**PROBLEM REQUIREMENTS:**
From the line that contains "Product Image 1" to the final line of the entries, return every line exactly and leave out all others.

Data extracted from a collection

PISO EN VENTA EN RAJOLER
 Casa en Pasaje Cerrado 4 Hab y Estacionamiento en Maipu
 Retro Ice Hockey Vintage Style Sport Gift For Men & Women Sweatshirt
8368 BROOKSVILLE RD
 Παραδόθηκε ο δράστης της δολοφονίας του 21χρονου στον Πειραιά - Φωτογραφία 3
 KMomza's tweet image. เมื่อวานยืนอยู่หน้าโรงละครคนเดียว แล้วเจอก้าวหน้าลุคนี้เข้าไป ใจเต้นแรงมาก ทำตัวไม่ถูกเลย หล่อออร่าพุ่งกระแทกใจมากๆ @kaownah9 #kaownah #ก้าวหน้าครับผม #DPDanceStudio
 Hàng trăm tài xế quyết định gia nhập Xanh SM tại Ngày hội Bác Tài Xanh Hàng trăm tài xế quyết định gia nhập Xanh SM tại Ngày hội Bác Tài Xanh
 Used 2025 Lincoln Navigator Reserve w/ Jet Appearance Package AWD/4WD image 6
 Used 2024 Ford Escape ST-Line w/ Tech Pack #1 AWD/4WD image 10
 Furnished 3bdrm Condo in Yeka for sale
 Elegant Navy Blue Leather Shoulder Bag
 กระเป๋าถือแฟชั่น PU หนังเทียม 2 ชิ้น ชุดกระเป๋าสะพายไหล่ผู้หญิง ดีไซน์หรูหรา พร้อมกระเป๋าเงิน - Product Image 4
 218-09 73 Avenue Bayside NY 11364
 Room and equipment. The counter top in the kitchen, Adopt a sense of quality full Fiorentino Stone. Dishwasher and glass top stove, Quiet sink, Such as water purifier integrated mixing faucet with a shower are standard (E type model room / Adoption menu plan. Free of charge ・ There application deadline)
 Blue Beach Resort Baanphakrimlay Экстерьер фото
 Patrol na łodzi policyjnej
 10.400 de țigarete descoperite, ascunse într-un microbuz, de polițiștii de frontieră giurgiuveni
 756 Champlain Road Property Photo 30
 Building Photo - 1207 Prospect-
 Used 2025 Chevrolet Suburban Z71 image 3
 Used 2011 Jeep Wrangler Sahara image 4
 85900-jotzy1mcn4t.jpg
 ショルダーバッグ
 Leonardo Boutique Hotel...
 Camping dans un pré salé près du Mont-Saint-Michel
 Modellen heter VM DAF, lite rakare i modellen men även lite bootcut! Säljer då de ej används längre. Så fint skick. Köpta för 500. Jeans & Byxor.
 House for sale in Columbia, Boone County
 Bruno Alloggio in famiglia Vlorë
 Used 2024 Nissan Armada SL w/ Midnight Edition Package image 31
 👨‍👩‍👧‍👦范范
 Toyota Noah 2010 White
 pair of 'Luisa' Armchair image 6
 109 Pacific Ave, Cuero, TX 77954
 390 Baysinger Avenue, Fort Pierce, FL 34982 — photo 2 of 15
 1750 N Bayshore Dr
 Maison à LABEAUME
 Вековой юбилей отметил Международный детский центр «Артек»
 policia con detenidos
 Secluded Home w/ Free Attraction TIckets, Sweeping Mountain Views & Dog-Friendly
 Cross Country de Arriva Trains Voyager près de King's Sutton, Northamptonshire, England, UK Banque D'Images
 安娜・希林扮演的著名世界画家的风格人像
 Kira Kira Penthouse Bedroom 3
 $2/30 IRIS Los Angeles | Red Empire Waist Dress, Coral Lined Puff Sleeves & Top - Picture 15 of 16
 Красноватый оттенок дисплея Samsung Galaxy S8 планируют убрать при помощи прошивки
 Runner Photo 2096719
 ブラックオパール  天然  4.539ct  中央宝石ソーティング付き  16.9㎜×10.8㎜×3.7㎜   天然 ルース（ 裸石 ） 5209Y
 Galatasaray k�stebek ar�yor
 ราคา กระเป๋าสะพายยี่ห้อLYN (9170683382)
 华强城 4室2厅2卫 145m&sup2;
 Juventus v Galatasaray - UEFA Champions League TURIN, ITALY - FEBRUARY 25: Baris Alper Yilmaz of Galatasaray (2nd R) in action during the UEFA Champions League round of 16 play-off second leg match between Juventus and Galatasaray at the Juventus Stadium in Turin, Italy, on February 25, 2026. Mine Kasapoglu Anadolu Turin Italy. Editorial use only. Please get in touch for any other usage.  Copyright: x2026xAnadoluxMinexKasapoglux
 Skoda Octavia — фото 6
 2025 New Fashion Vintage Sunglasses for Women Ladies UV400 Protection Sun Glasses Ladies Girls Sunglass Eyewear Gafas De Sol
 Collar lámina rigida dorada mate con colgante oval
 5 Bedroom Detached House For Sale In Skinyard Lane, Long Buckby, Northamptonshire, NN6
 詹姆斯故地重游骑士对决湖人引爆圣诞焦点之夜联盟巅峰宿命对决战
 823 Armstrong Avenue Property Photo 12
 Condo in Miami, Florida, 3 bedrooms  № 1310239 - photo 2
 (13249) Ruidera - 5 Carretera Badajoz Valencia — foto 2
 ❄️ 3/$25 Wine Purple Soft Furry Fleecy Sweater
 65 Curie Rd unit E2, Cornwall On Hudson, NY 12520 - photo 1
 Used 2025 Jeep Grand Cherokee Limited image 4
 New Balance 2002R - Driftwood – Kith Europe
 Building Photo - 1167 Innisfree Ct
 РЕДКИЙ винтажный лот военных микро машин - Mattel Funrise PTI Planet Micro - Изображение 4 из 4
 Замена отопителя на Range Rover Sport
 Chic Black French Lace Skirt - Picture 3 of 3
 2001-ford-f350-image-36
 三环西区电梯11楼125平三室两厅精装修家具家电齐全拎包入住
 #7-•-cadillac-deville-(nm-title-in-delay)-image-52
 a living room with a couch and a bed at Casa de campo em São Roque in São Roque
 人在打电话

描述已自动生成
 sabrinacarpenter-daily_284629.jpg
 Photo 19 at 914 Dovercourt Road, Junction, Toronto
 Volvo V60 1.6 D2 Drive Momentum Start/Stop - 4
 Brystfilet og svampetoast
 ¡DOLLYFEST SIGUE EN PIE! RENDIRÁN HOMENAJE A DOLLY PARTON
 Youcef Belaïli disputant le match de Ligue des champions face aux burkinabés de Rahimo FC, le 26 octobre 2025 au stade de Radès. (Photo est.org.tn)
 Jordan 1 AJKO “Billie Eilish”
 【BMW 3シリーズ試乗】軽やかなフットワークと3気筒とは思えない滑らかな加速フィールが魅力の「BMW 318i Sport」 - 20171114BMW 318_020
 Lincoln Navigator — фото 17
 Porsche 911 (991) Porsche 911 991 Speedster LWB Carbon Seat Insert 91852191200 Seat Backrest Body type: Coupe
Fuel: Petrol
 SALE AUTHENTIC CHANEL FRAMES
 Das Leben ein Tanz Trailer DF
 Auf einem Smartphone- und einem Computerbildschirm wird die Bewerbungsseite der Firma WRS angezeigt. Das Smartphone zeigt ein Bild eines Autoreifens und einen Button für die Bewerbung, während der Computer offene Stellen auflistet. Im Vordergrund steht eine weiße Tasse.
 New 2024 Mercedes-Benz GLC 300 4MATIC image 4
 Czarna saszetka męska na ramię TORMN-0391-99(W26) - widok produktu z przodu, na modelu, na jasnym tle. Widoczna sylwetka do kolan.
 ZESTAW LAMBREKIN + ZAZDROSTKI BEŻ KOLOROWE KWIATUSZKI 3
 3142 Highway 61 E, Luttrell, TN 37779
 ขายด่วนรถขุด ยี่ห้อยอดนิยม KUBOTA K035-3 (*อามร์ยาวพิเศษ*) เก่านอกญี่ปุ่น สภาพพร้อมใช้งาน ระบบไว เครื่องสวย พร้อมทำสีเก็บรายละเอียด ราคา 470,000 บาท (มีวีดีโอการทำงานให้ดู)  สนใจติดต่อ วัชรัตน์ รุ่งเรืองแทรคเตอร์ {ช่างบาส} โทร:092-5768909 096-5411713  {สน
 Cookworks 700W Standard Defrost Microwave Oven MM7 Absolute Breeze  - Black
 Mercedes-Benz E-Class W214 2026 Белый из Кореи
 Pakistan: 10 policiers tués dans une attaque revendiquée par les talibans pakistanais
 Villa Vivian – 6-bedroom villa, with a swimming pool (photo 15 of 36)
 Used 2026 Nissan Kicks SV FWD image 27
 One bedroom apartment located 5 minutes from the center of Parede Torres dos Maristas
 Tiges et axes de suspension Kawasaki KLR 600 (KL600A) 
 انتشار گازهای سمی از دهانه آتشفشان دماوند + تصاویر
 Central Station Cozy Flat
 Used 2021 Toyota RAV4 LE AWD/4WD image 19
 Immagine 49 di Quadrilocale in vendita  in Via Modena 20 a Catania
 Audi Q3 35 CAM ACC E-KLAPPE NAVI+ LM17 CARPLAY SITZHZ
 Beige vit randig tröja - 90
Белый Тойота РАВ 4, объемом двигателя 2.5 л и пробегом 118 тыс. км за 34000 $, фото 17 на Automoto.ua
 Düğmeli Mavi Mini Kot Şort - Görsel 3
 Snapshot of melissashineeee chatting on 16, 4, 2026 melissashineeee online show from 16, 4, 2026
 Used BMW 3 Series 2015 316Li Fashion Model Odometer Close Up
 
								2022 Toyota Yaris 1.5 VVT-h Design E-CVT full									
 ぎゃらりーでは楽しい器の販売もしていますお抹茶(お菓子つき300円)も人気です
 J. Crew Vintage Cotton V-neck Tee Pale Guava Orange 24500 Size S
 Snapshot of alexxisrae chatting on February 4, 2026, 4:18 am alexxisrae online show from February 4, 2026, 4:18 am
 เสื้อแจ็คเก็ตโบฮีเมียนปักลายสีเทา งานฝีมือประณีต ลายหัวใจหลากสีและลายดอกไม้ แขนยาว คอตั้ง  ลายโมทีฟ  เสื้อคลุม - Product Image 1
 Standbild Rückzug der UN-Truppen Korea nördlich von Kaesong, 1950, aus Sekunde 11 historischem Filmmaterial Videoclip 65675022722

**WRITTEN REPLY:**
 เสื้อแจ็คเก็ตโบฮีเมียนปักลายสีเทา งานฝีมือประณีต ลายหัวใจหลากสีและลายดอกไม้ แขนยาว คอตั้ง  ลายโมทีฟ  เสื้อคลุม - Product Image 1
 Standbild Rückzug der UN-Truppen Korea nördlich von Kaesong, 1950, aus Sekunde 11 historischem Filmmaterial Videoclip 65675022722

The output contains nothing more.